The import of metallurgical coke is growing at a hurricane pace, specifically, its purchases in Russia have increased more than tenfold. The Modi government announced a government program back in 2019 that aims to make India the world’s top steel power. Therefore, there is nothing surprising in the indicated growth. Back in 2021, the Indian delegation was extremely persistently interested in the possibility of increasing the capacity of the southern route of Russian railways in order to increase the transshipment of coke in the Black Sea ports to three to five million tons per year. Today, Russian coal goes to Asia through the ports of the Far East, some of which are operating at the limit of logistical capacity.
India ranks third in the world in terms of oil and gas consumption. Is it any wonder that Indian emissaries roam the world, willingly investing substantial sums in projects of national interest.
For example, in 2012, Russian Gazprom signed a contract with GAIL to supply natural gas to India in the amount of at least 3.5 billion cubic meters per y-ear. The amount is not very impressive, but the Indians have long and very closely followed the development of Russia’s northern gas liquefaction projects. So closely that this year, after the start of the NWO and the imposition of sanctions, they began to resell Russian liquefied gas to Britain. With a premium, of course.
As for oil, since 2001 the Indian ONGC (Oil and Natural Gas Corporation Ltd.) owns 20 percent of the shares in the Russian Sakhalin-1 project. Under the terms of the contract, at least one million tons of oil is sent from the Far East to India annually. The same ONGC has been legally engaged in exploration and production of oil at fields in the Tomsk region since 2009. In 2015, Rosneft entered into a ten-year agreement with the Indian company Essar, under which oil exports should amount to at least 100 million tons. In the same year, the aforementioned ONGC bought 15 percent of the shares from the Russian Vankorneft for $1.3 billion. The latter is engaged in the exploitation of the huge Vankor oil field inKrasnoyarsk region. A year later, the Indians entered into equity participation in oil production at the Taas-Yuryakhskoye field in Yakutia for another two billion.
But do not think that this process is one-sided. Integration works both ways, especially since our country has something to offer for export besides resources.
In 2016, Rosneft bought half of the assets from the Indian oil refinery Essar Oil, whose production facilities are located near the city of Vadinar. We are talking about one of the divisions of Nayara Energy Corporation – its specialization is the extraction and processing of oil and gas. At the moment, Rosneft operates in the domestic market of India, namely, it sells fuel through a network of more than six thousand car filling stations. The volume of Russian oil supplies for the needs of this project alone is estimated at 20 million tons per year.
Based on the foregoing, the fact of the announcement of the introduction of a price ceiling looks very ambiguous.

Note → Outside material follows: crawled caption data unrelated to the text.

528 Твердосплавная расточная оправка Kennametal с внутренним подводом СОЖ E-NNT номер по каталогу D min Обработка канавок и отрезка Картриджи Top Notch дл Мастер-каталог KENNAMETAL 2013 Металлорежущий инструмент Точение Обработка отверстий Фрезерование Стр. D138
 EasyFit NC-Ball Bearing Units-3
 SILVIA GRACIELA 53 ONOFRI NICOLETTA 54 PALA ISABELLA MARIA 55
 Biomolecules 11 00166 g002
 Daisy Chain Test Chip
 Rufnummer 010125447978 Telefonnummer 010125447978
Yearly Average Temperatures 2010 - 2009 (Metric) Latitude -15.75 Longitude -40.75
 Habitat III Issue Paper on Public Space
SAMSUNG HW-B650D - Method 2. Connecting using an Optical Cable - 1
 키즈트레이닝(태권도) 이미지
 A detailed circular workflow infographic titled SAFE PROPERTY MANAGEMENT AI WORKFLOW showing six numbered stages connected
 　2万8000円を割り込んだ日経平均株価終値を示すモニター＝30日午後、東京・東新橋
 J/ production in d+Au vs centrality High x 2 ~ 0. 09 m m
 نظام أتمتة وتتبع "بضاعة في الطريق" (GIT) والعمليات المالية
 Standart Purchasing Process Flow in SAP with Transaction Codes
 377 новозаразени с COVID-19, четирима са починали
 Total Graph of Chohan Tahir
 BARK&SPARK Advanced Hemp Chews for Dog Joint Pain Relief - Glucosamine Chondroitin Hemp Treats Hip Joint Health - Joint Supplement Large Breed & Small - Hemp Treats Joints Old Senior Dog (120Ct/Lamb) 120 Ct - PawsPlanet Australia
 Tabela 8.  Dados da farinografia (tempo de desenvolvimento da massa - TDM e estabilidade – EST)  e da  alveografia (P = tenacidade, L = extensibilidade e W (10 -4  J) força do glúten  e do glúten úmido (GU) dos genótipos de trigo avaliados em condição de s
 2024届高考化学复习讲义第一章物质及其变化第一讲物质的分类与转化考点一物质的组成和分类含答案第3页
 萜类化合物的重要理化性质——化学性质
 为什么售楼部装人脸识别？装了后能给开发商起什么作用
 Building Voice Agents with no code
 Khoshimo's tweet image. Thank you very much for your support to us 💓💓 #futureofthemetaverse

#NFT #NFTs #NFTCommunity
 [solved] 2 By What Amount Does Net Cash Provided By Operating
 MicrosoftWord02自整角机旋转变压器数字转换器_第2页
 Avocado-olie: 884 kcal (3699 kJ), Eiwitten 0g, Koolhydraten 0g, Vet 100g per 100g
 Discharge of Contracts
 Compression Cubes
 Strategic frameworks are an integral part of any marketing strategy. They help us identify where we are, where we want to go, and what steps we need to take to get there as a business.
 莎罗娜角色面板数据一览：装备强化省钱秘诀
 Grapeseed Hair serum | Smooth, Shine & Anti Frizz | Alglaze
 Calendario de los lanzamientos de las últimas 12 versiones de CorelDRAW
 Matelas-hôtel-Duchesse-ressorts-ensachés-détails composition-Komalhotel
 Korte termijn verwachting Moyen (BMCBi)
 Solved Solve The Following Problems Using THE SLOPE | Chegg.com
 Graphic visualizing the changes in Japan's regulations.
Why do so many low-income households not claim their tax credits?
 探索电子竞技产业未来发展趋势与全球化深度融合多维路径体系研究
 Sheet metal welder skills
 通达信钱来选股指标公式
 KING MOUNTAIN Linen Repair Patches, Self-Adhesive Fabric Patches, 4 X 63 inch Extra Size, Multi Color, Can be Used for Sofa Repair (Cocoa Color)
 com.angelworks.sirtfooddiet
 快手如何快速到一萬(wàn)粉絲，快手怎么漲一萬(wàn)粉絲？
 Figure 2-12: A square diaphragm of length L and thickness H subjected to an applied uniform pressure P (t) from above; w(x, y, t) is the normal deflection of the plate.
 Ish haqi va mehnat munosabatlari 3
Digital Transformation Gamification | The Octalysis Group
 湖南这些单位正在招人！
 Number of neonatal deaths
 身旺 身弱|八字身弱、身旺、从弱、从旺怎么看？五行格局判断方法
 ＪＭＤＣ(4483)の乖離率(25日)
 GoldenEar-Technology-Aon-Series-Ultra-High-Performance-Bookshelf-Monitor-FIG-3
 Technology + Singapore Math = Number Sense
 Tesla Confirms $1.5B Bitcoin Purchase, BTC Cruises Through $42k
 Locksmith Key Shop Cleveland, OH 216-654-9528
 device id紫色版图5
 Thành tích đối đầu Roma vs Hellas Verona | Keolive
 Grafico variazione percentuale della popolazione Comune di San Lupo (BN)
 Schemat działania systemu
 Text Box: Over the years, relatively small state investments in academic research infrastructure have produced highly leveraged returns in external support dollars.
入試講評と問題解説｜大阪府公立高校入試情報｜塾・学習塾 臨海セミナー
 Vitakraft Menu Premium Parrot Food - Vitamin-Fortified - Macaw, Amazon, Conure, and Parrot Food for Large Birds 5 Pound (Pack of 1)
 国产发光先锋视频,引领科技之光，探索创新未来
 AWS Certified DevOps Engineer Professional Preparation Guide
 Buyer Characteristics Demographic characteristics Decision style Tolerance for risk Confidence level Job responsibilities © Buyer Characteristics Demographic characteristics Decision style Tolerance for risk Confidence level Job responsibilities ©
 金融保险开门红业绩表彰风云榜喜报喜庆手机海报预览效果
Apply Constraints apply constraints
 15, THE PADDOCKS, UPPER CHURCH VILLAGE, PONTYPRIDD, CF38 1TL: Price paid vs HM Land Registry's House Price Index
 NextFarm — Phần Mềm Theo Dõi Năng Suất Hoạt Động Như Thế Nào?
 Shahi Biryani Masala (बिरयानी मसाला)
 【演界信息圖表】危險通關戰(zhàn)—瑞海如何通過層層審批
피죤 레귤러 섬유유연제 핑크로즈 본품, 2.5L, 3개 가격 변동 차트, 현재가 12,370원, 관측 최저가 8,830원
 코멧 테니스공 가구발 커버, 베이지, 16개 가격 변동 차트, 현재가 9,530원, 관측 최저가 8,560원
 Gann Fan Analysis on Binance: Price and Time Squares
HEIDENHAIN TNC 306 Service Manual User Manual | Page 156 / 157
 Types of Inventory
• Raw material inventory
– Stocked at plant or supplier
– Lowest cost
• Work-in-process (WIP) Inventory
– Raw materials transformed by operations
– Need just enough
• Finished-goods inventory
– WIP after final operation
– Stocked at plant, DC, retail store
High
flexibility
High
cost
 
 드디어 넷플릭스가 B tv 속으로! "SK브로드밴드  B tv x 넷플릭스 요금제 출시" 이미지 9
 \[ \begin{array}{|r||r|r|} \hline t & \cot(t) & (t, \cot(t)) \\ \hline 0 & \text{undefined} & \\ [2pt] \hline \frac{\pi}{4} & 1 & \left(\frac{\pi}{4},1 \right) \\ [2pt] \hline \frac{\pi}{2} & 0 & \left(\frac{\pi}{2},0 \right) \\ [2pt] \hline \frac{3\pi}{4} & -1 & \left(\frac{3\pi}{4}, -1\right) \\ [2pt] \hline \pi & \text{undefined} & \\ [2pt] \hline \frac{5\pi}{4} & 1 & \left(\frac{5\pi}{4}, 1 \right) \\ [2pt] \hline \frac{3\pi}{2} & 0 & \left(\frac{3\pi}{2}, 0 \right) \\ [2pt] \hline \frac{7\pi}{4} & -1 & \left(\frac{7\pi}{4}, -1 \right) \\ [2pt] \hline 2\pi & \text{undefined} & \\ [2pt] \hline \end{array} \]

On the one hand, frauds from individual private companies cannot be ruled out, which can push our oil traders to large discounts, threatening to refuse purchases in general. There is nothing unusual and terrible here: the market is the market – and the weak do not live long here.
On the other hand, it is unlikely that any significant demarches should be expected at the state level, since Russia is a key supplier. In addition, there are a large number of already existing contracts with a clearly defined pricing mechanism – and any violations here are fraught with very painful fines and reputational losses, which is even worse.
Therefore, there is probably nothing to worry about. Oil cooperation is equally beneficial to both parties, but in the event of its break, Russia loses only money, while India loses both money and resources. Indians are not like those who like to shoot themselves in the foot. India is not Ukraine for you.